[Brief descriptive captions]
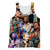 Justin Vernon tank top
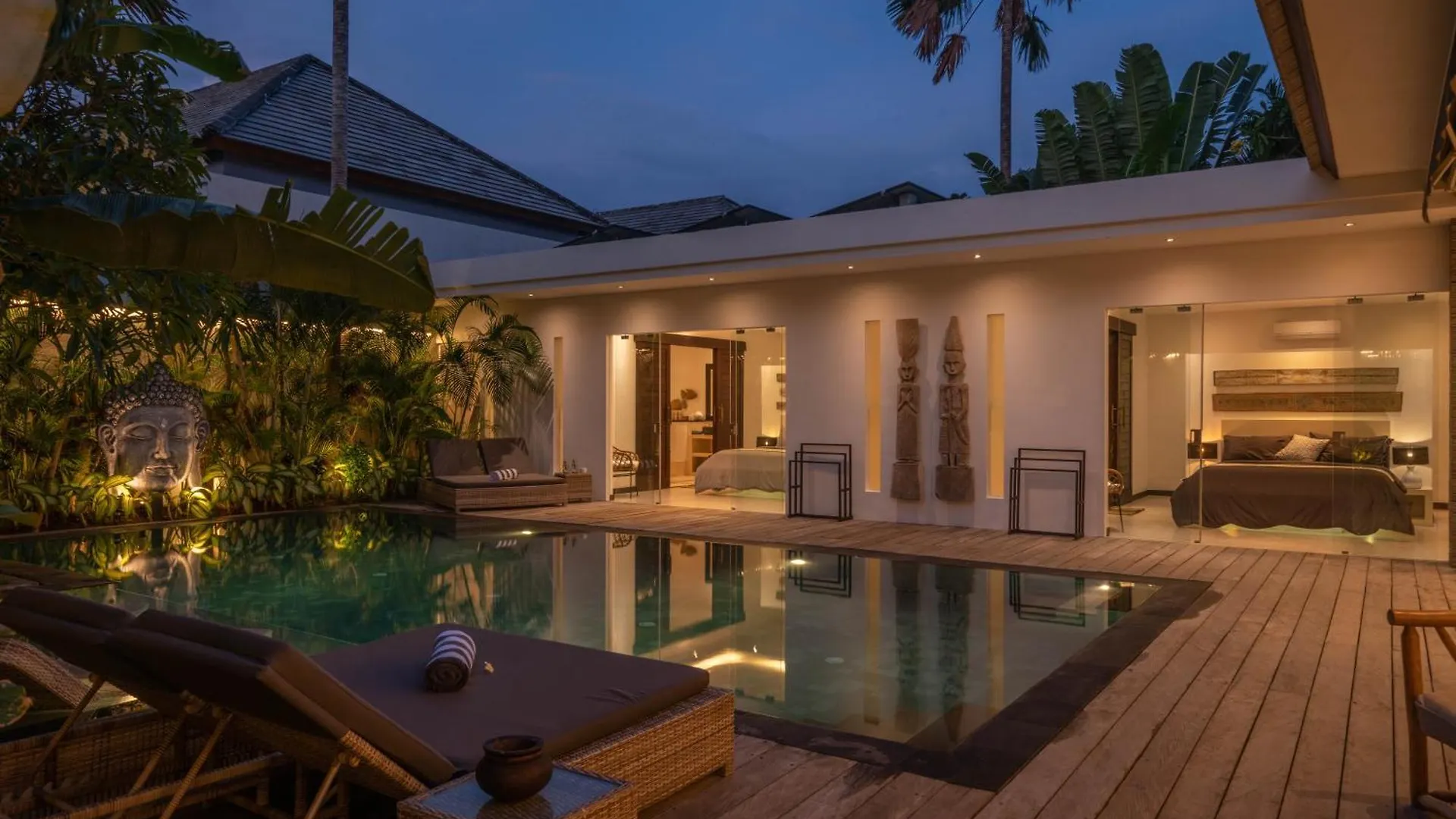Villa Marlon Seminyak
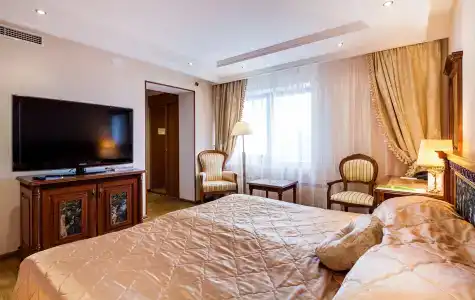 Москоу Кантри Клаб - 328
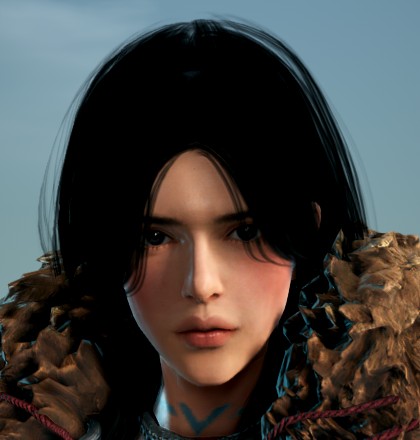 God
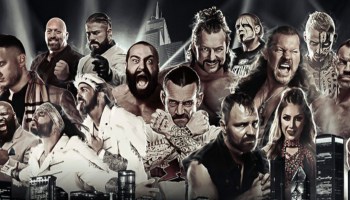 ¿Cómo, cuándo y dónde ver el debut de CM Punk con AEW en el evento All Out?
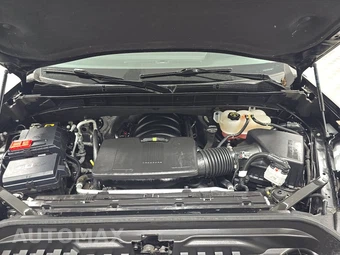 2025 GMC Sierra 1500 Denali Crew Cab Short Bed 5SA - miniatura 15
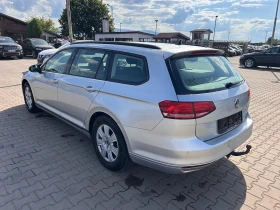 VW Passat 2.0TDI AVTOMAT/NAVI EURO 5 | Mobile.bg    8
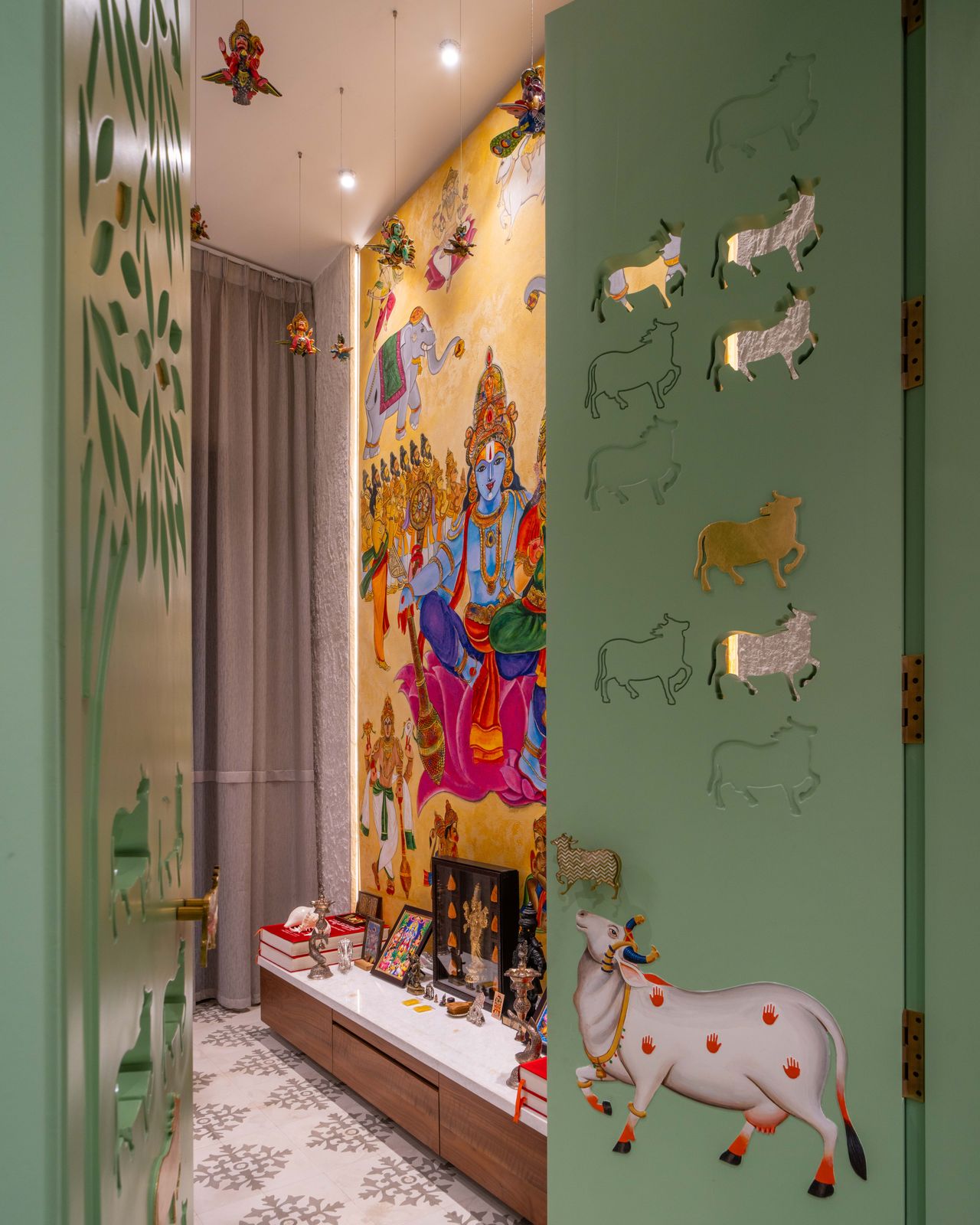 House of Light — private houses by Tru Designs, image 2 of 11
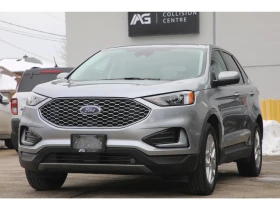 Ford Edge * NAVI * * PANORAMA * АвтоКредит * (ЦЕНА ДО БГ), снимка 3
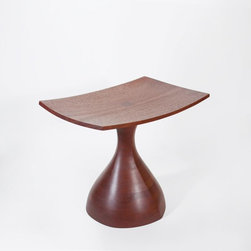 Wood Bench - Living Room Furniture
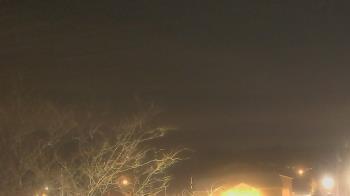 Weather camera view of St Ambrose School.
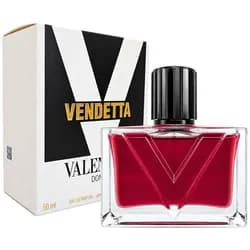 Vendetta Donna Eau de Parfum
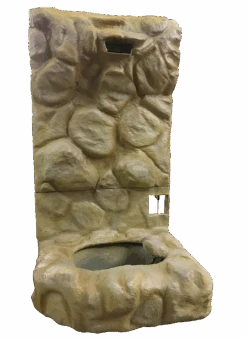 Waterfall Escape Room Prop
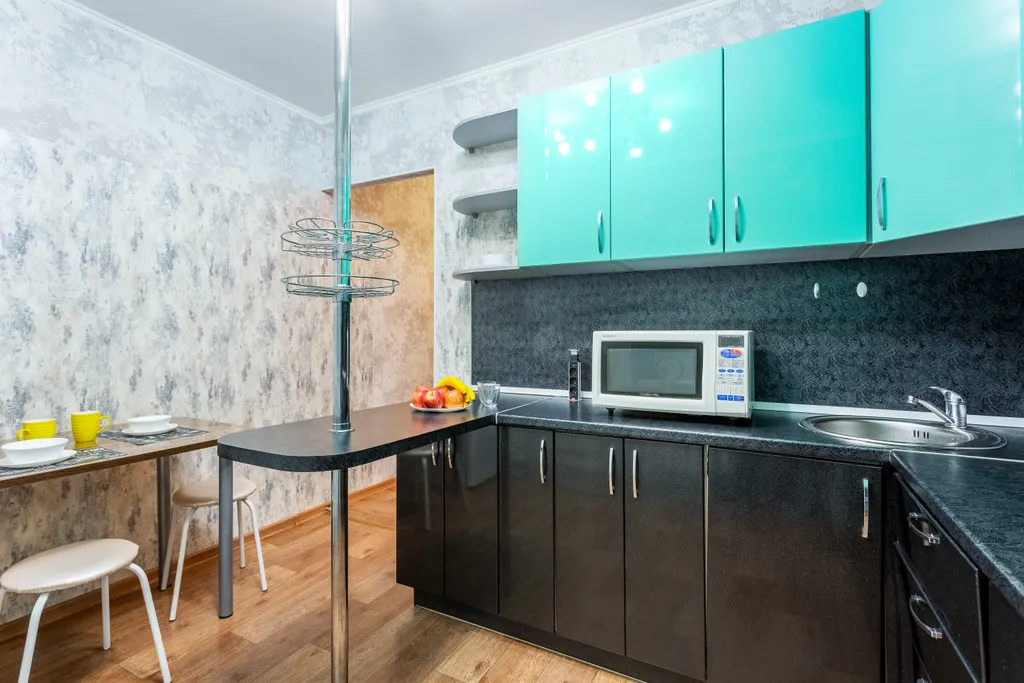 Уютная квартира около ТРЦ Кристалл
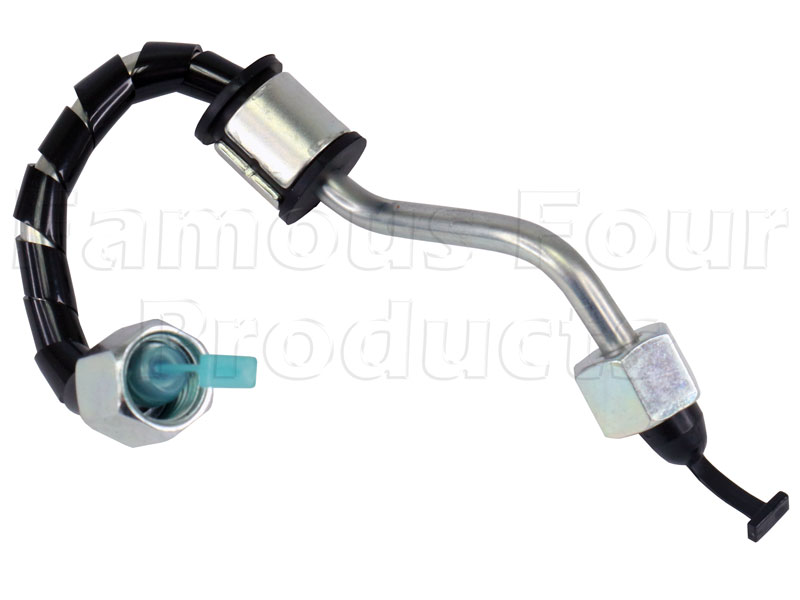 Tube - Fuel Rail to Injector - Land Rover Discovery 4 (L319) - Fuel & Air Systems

WHAT YOU ARE ASKED TO DO ▸ Reproduce exactly and only the lines from the one with "Weather camera view of St Ambrose School." through the final line of the records above, inclusive. Pictures must be left out.

RESPONSE TO THIS TASK ▸
 Weather camera view of St Ambrose School.
 Vendetta Donna Eau de Parfum
 Waterfall Escape Room Prop
 Уютная квартира около ТРЦ Кристалл
 Tube - Fuel Rail to Injector - Land Rover Discovery 4 (L319) - Fuel & Air Systems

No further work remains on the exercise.